Perhaps like myself you are consumed with dread much of the time these days but just for a moment, let us not think about The Pandemic.
The General and I distracted ourselves over hot cross buns and marmalade the other day by listening to Sir Anthony Hopkins on the radio and he was full of amusing banter and stories from years ago (hanging out with Peter O’Toole and Olivier, that type of thing) but what I really appreciate, always, is when a wise, older person (or anyone, really) makes themselves completely vulnerable and sincerely speaks from the heart. (He notes how easily he cries for example and how “the past is very present” with him these days).
Rather refreshing to hear in a judging, Instagram world.
The very first day of Spring arrived this week and felt especially festive and exciting after The Covid Winter we’ve all endured. Even though the sun’s rays were weak, we raised our faces to it like the first Snowdrops and breathed in that sweet perfume of damp earth and soft breezes that will soon scent my laundry on the line. Our first walk was purposefully slow and we stopped to examine each bit of colour pressing upwards through the ground, like the pagans we have become. There was also a thrilling, scurrying streak of brown which turned out to be a groundhog who was unsuccessfully trying to camouflage himself by backing into an old tree stump at top speed but seemed to forget that his entire face was still on display and his glassy black eyes carefully swivelled to watch till we had passed. He was, delightful.

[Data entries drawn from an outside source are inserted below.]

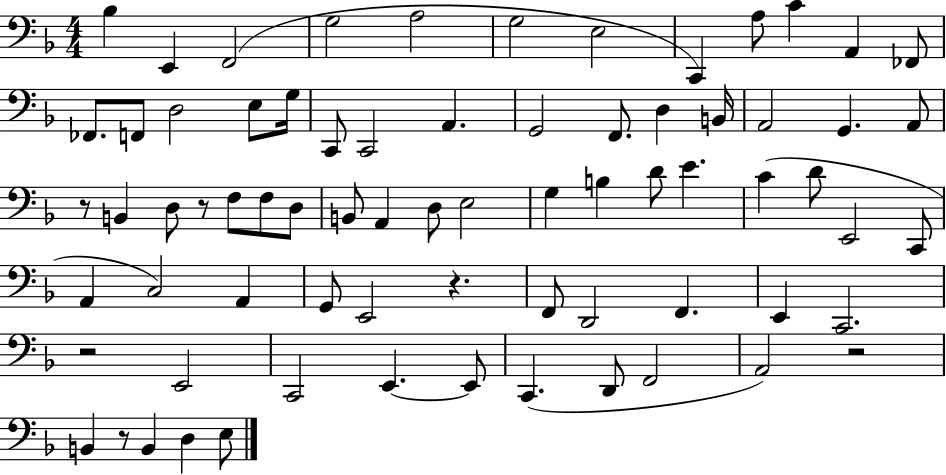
Bb3/q E2/q F2/h G3/h A3/h G3/h E3/h C2/q A3/e C4/q A2/q FES2/e FES2/e. F2/e D3/h E3/e G3/s C2/e C2/h A2/q. G2/h F2/e. D3/q B2/s A2/h G2/q. A2/e R/e B2/q D3/e R/e F3/e F3/e D3/e B2/e A2/q D3/e E3/h G3/q B3/q D4/e E4/q. C4/q D4/e E2/h C2/e A2/q C3/h A2/q G2/e E2/h R/q. F2/e D2/h F2/q. E2/q C2/h. R/h E2/h C2/h E2/q. E2/e C2/q. D2/e F2/h A2/h R/h B2/q R/e B2/q D3/q E3/e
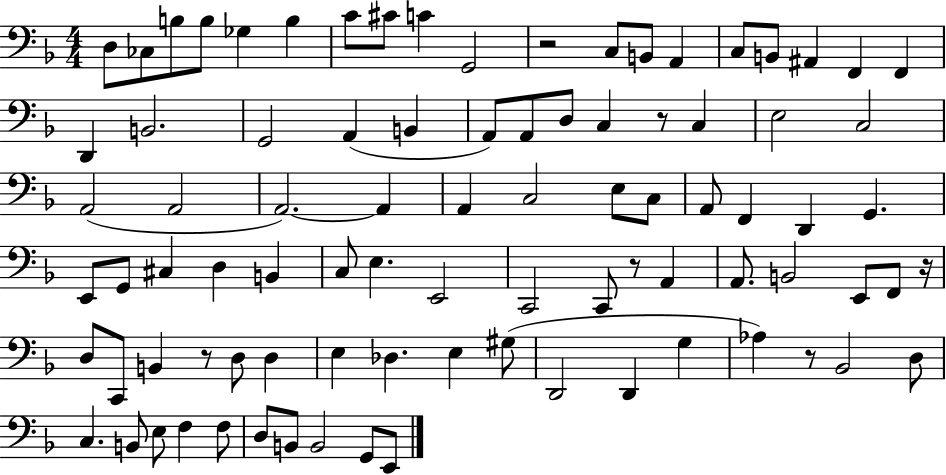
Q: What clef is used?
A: bass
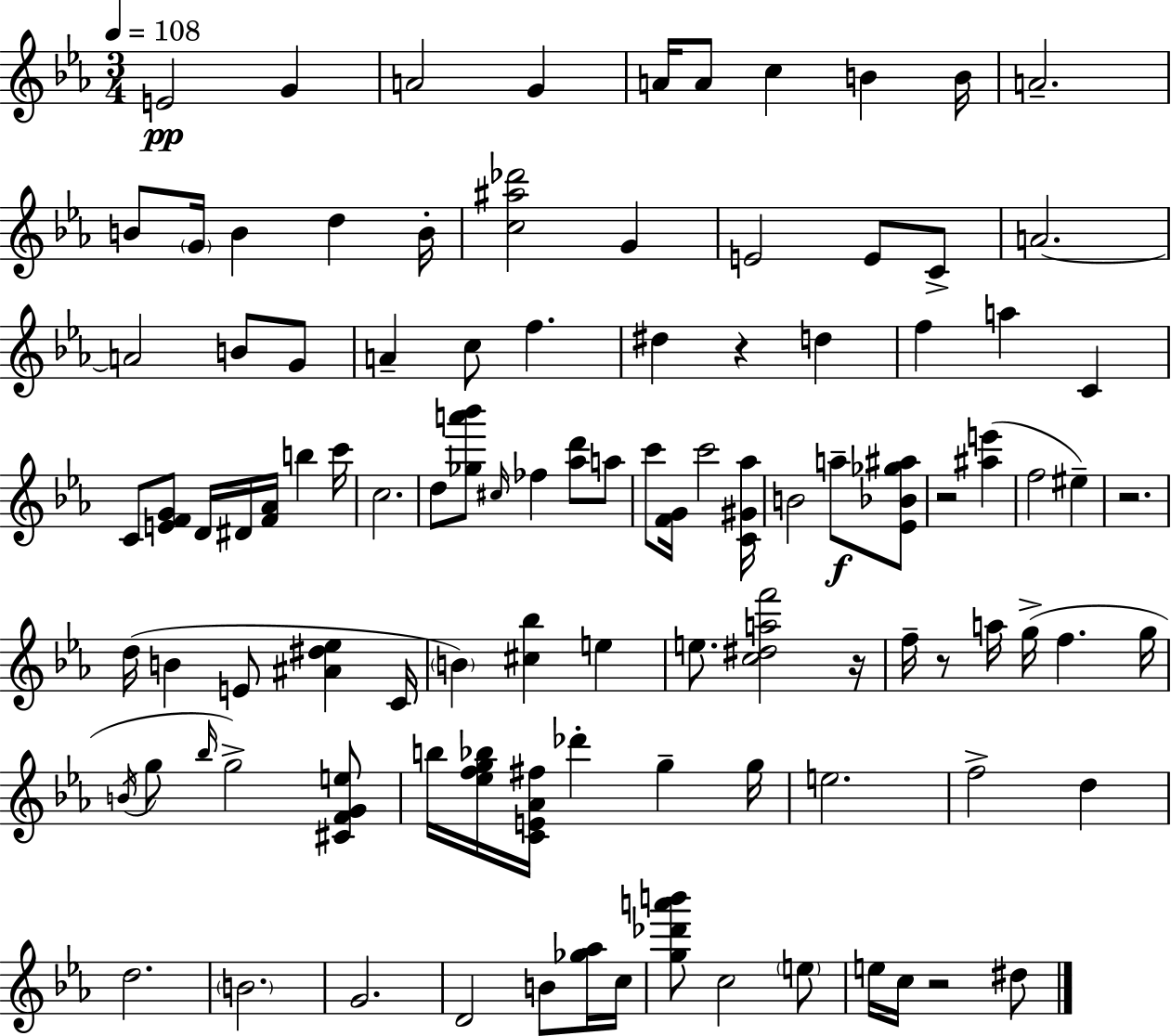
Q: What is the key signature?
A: C minor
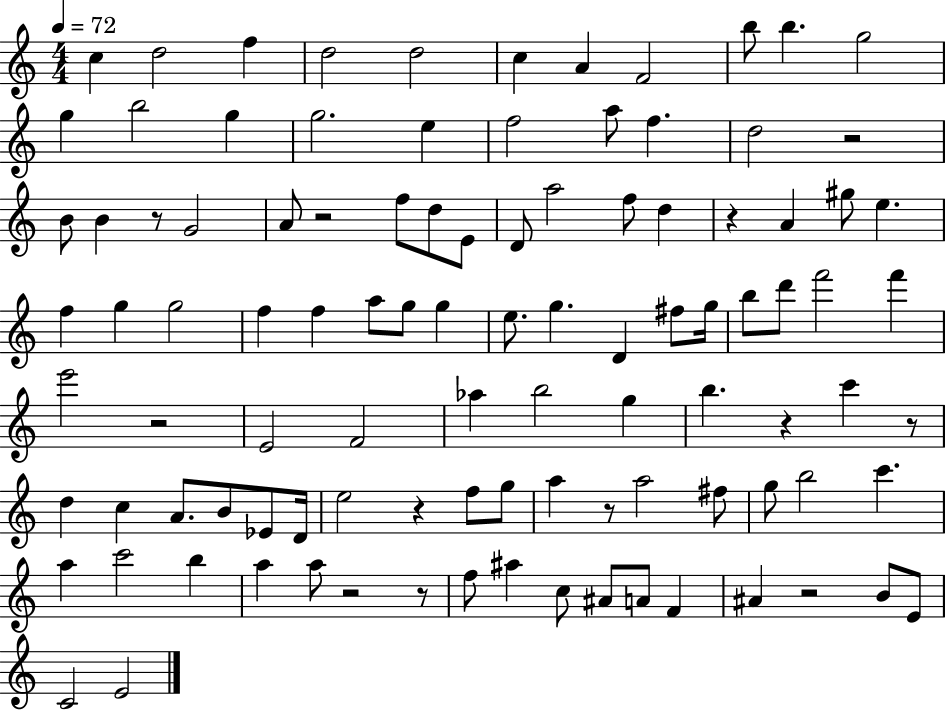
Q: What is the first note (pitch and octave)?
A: C5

A well meaning but spectacularly uncool Auntie of mine once bought me The Friendship Book of Francis Gay, for Christmas when I was a teenager. (And by the way, this is the only way anyone ever referred to this book: the title, then the author, all at once – but always together). This little book promised an “inspiring thought” for each day of the year and provided iconic yet unlikely photos such as a benevolent postman peddling down a laneway or a jocular milkman enjoying a quiet joke outside a thatched cottage.